Wes McKinney: The world is changing dramatically in terms of data processing and analytics. And I’m excited to share that with you. So, let’s get started.

I’m going to start by introducing myself. I’m Wes McKinney. I’m the CTO and co-founder of Voltron Data and co-creator of the Apache Arrow open source project. Many people know me as the creator of the Python pandas project and I’ve been working on data tools and systems for Python since 2008.

I was initially building a set of tools for myself to make it possible for me to do data analysis, you know, what we now call data science in Python. And I found that I enjoyed building data analysis tools and especially building tools for other people.

So, I was able to turn that into an open source project and eventually to make it successful and build a community around it.

I’m here giving a presentation about the Arrow open source project. How it’s related to improving performance and data access and computing in data science and across at the intersection of database systems and data science tools.

I think a lot of people are excited about the Arrow project but I think one of the things that’s interesting about it is for many users, it’s a project that they won’t even know that’s there. That it can go into all of the projects that you use and make them better. And so, that makes it, for me, even more exciting to have the opportunity to build a piece of technology that makes many projects in the broader data science ecosystem much faster and more efficient.

The connection between pandas, you know, very popular Python open source project, and this presentation today is that for me, the Arrow project started as an effort to build a more future-proof computing infrastructure for libraries like pandas.

You know, when we built the pandas project, so myself and the other core developers, we had to reinvent many of the things that we were doing.
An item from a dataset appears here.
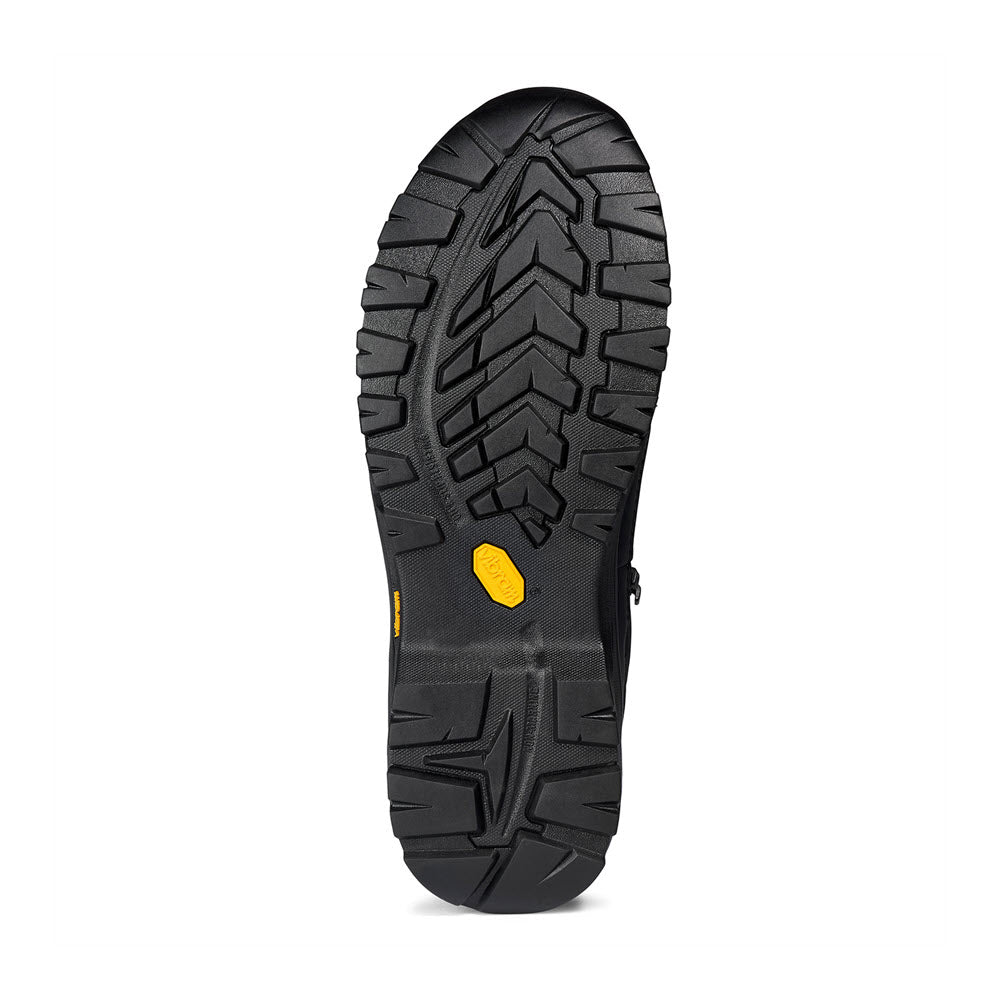 Black Kodiak rugged hiking boot sole with a distinct tread pattern and a visible yellow logo.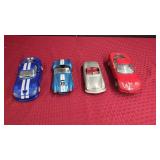 FOUR DIE-CAST MODEL CARS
So, we had to reinvent a lot of things. So, we built effectively a query engine in Python and C to power all of the analytics that pandas performs. And so, everything is custom-built for pandas.

So, the Arrow project is intended to provide a reusable and modular computing foundation to power the next generation of data frame libraries, as well as accelerating the current generation of tools, including pandas.
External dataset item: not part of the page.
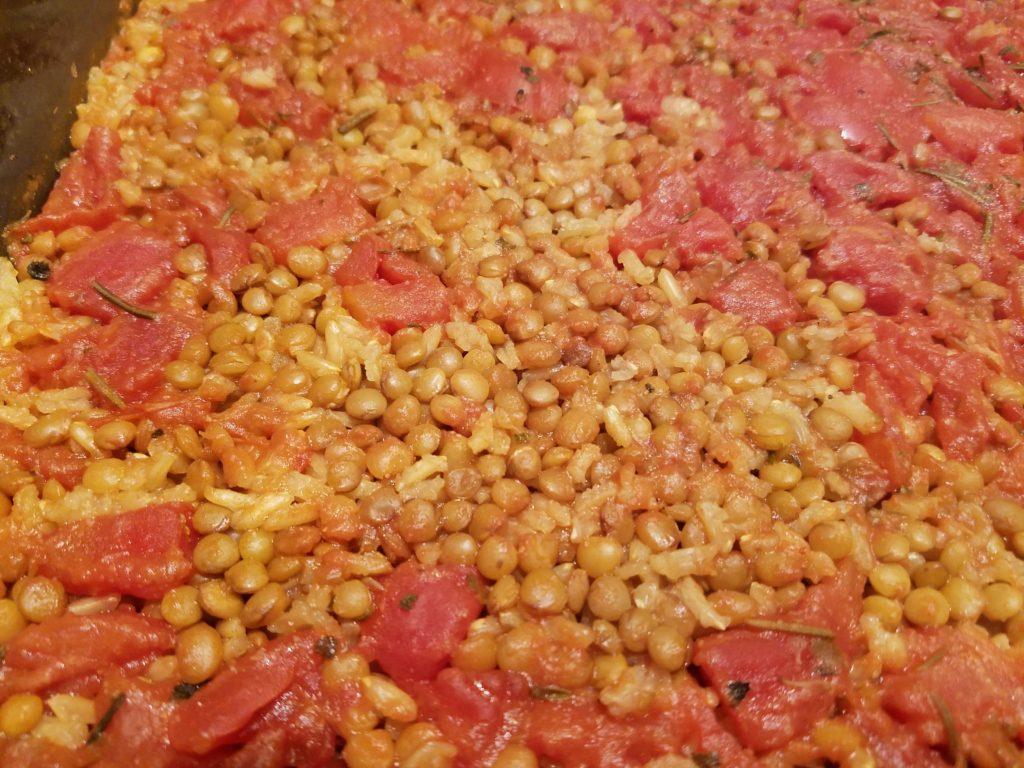 Cooked recipe of rice, lentils and tomatoes for vegetarians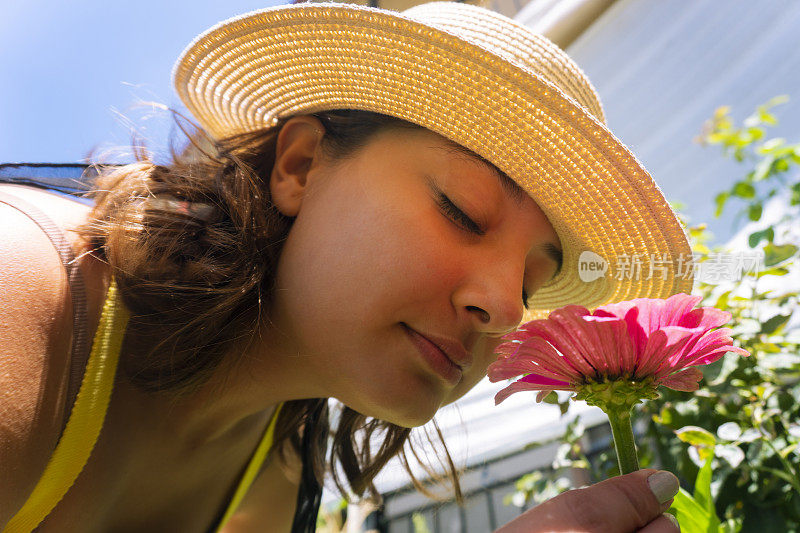 一个试着闻粉色雏菊的女人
I mean, it’s a really exciting project. We’re excited to be able to launch this in the future, including pandas.

I mean, open-source is extremely important because it’s the most efficient way for the software to have an impact when you have a piece of permissively licensed open-source software that can become a dependency of other open-source projects, as well as commercial software projects.

And we do actively track the reverse dependencies of a project like Arrow. And so, now, there are hundreds of other open-source projects that have taken on the Arrow Python library, PyArrow as a dependency, for example.

Open-source really enables that rapid adoption and reduces the barrier to entry, so that you can pick up the software. If it meets your needs, you can add it as a dependency in your project and build on it.

And I think what we’re really excited about, what I’m very excited about, is there’s a lot of innovation that’s been happening in recent times around hardware accelerators and new types of silicon, but there needs to be a software solution to bring together innovation in hardware acceleration and computing efficiency, so being able to process more data per kilowatt hour, basically reducing the carbon footprint of data processing.

But in order to unlock the value of that new hardware, we have to build a really compelling, unified software layer to make things really easy for the users to be productive and tightly integrated with programming languages like Python and R, and also tie everything very cleanly into the storage layers.

It’s kind of the new generation of open data warehouses, as well as thinking about designing next-generation file formats to continue to improve the performance of data access and processing efficiency.